An aftershock of the Great Recession is affecting Paulding County’s economy almost a decade later.
Some homebuilders in Paulding were increasingly being forced in 2019 to add development costs to the sales price to make the same amount of profit as they previously received — which likely increased the price to the buyer.
Builders generally had pre-developed building sites available since the economic downturn of the early 2010s but have mostly built on them, said city and county government building officials.
The trend led to building permits for new single-family homes taking a sharp nose dive in Dallas and decreasing for the first time in seven years in Hiram and unincorporated Paulding County, officials said.
Building permits for detached, single-family homes inside Dallas in 2019 decreased 78% from 2018’s total, the city government reported.
Meanwhile, permits for single-family construction in Hiram and unincorporated Paulding in 2019 decreased 12% from 2018 after increasing annually since 2012, according to information from the county’s Community Development department.
The city of Dallas — which issues building permits for work inside its corporate limits — saw its single-family permits drop from 161 valued at $28.5 million in 2018, to 35 valued at $8.5 million in 2019.
In the unincorporated county and Hiram, building permits for single-family homes decreased from 1,535 in 2018 to 1,348 in 2019.
Total value of single-family construction dropped from $164.6 million in 2018 (average cost $107,227), to $136.2 million in 2019 (average cost $101,057).
Some homebuilders — generally regional or national companies — often paid below-market prices for developed building lots offered by less-capitalized competitors after the housing industry “bubble” burst and helped trigger the Great Recession.
Builders bought about 10,000 lots in Paulding which already had been “platted” — approved in some form for construction — after their market values plummeted for their original developers, said Ann Lippmann, director of the county Community Development Department.
“Cheap lots that were on the ground are gone and people are having to develop from scratch,” Lippmann said in a recent report to the Paulding County Commission.
“The majority of those lots now have homes on them and the cost of a lot now includes full development costs,” she later told a reporter.
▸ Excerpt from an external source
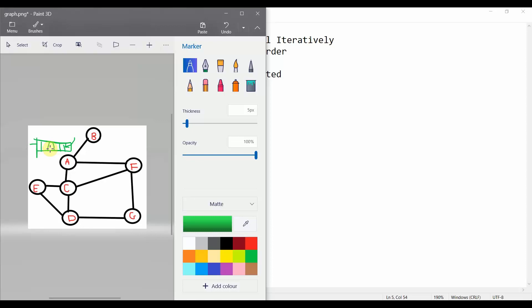We are going to use the inbuilt queue data structure from Python. The data structure we'll use is a double-ended queue, which gives us the functionality to insert and delete from both ends — front and rear. We'll use it as a normal queue, enqueuing from the rear and dequeuing from the front.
Micheal Cash, director of community development for the city of Dallas, agreed many developers took the same route to build inside the city after the recession and have exhausted their supply of pre-developed lots.
Lippmann estimated the average cost of a lot in Paulding now is more than $30,000.
HOUSING TRENDS IN 2019
Outside Dallas, the 2019 decrease in single-family permits followed a year in which they reached their highest level since the Great Recession.
Paulding County’s top year for single-family construction was 2005 when more than 3,400 permits were issued — after which single-family permits began decreasing annually before bottoming out at 124 permits in 2012.
They then began annual increases through 2018 when 1,535 were recorded.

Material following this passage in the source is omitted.